• Task directions:
Skip the pictures and copy all the data that follows exactly.

• Data shown:
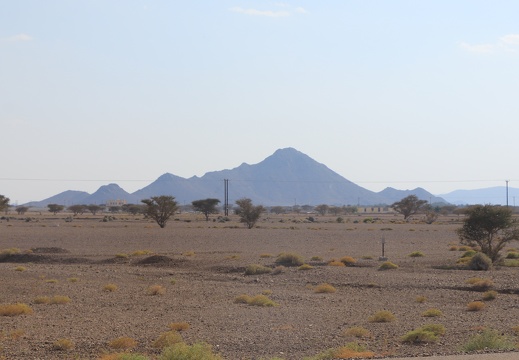 IMG 7687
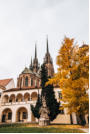 Besuch der Kathedrale St. Peter und Paul: Die imposante Kathedrale dominiert neben der Festung das Stadtbild von Brnn  umso mehr, da sie auf dem Hgel Petrov erbaut ist.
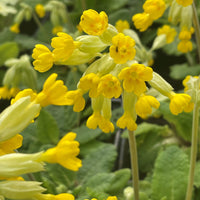 Primula veris Cowslip flowering plant with yellow bell-shaped flower clusters and green foliage
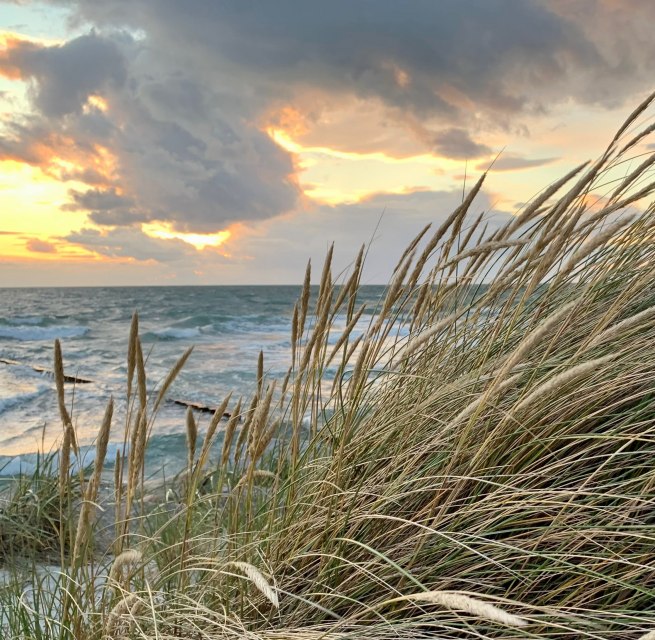 &copy; Nationalparkamt/K.B&auml;rwald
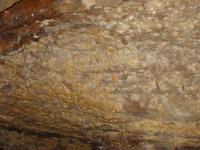 Image IMG_3186.JPG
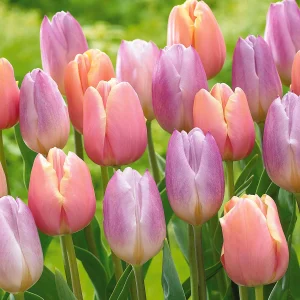 Collection de 20 Tulipes pastel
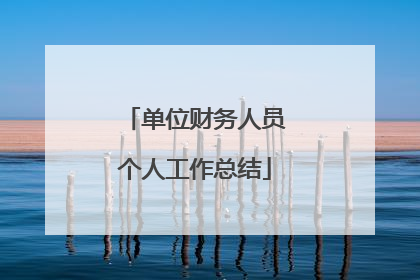 单位财务人员个人工作总结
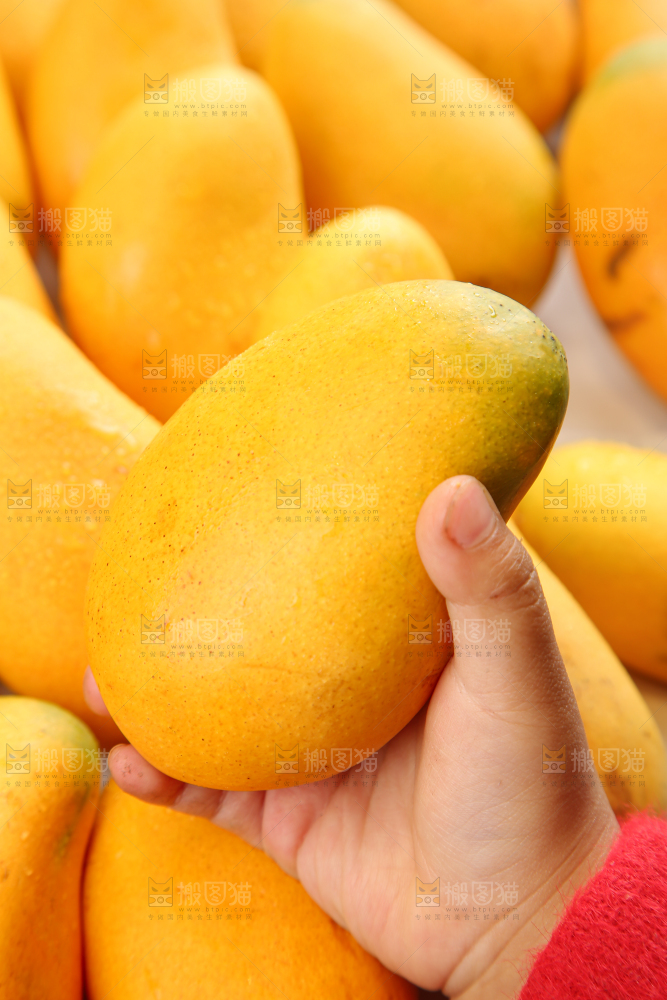 小台芒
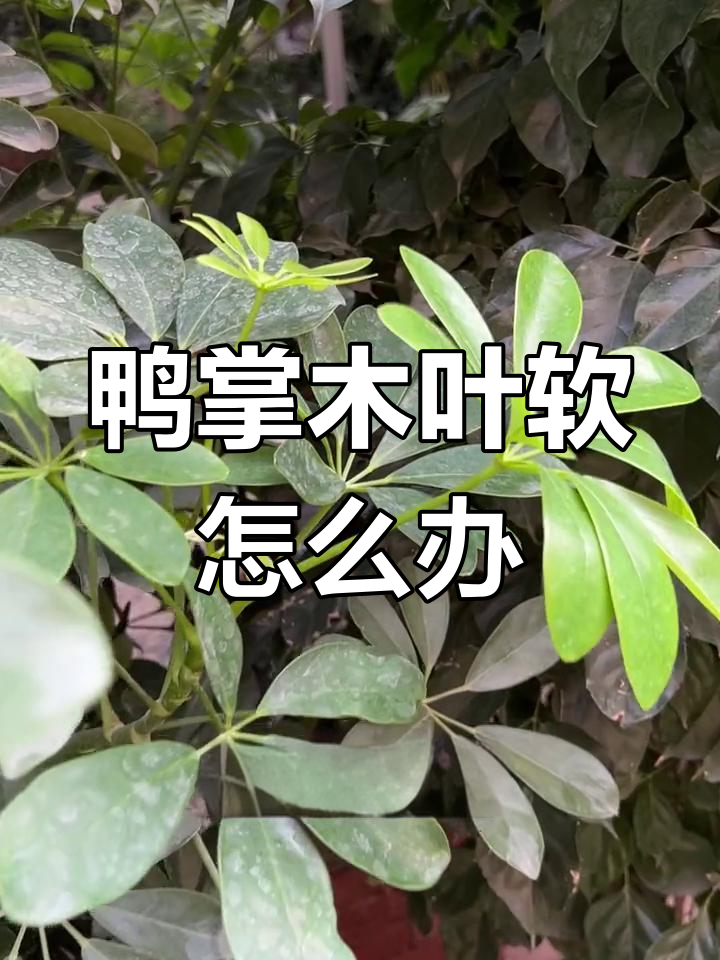 鸭掌木叶子发蔫?这样浇水让它重生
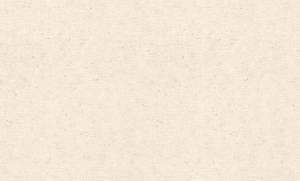 Обои Rasch Trend 974218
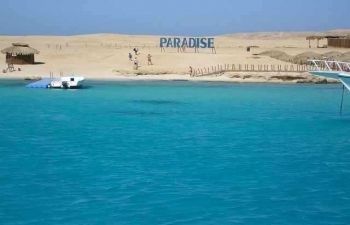 snorkeling day trip paradise island hurghada egypt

• Exercise result:
 IMG 7687
 Besuch der Kathedrale St. Peter und Paul: Die imposante Kathedrale dominiert neben der Festung das Stadtbild von Brnn  umso mehr, da sie auf dem Hgel Petrov erbaut ist.
 Primula veris Cowslip flowering plant with yellow bell-shaped flower clusters and green foliage
 &copy; Nationalparkamt/K.B&auml;rwald
 Image IMG_3186.JPG
 Collection de 20 Tulipes pastel
 单位财务人员个人工作总结
 小台芒
 鸭掌木叶子发蔫?这样浇水让它重生
 Обои Rasch Trend 974218
 snorkeling day trip paradise island hurghada egypt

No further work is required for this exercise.